At the highest levels, college lacrosse is still dominated by players from privileged backgrounds. Reade Seligmann and Finnerty, two of the Duke players charged with rape, graduated from Delbarton School in Morristown, N.J., and Chaminade High School on Long Island, respectively; and both grew up in million-dollar homes. On May 15, a third player, co-captain David Evans, was charged with the same three offenses as his Duke teammates.
"I am innocent. Reade Seligmann is innocent. Collin Finnerty is innocent," Evans said outside the court house after his arrest. "Every member of the Duke University lacrosse team is innocent. You have all been told some fantastic lies and I look forward to seeing them unravel in the weeks to come."
On the Duke roster, there are five graduates each from Delbarton and from Landon School in Bethesda, Md., prestigious private schools. Other players attended similar institutions such as Georgetown Prep, Durham Academy and Potomac School.

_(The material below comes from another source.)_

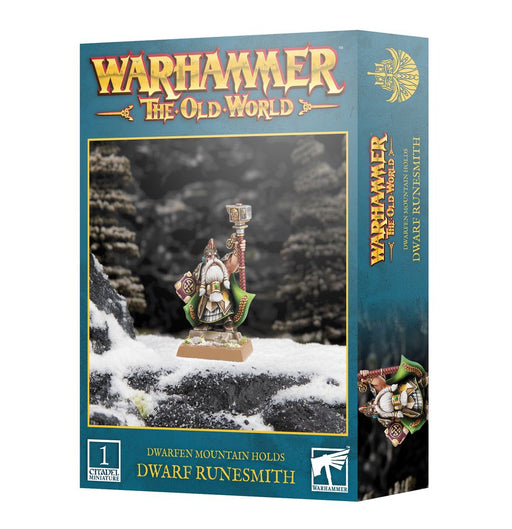 Dwarfen Mountain Holds: Dwarf Runesmith The Old World Games Workshop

Starsia was a public high school player before he matriculated to Brown University. He vehemently rejects the portrait of privilege painted in the media.
"That is a past-tense issue for our sport," says Starsia, whose Cavaliers won the national title in 1999 and 2003. "Those are tired generalizations that are easy to use because they serve the argument people are trying to make: rich versus poor, men versus women. More and more athletes are coming from the public schools."
The rising number of youths playing the game and the swift spread of lacrosse to the country's West and South regions suggests that this trend will continue. There is a general feeling that the Duke scandal will have little effect on the game's growth.
"I think it's hurt the perception of lacrosse," says Rich Heritage, president of the Connecticut-New York Youth Lacrosse Association. "But I don't know that it impacts the sport too dramatically at the youth level."
For Koudelka, the episode brings one positive aspect to the fore: It is, as college faculty like to say, a teachable moment.
"Every coach in America has sat down with his kids and talked about this," Koudelka says. "I think compared to the time I was in school -- I graduated from college in 1993 -- there's a lot more education with these student-athletes. This is definitely worthy of talking about and using it as an educational tool."
"A huge lesson that comes out of this for all college athletes is that when you take on responsibility and privilege, what you do reflects on all of the involved institutions, in this case both Duke and lacrosse," says A. Craig Brown, vice chair of the U.S. Lacrosse executive committee. "Kids need to take more responsibility for the consequences of bad behavior. I'm sure none of them thought whatever they did that Monday night would have this effect. It's a recipe for disaster."
Greg Garber is a senior writer for ESPN.com.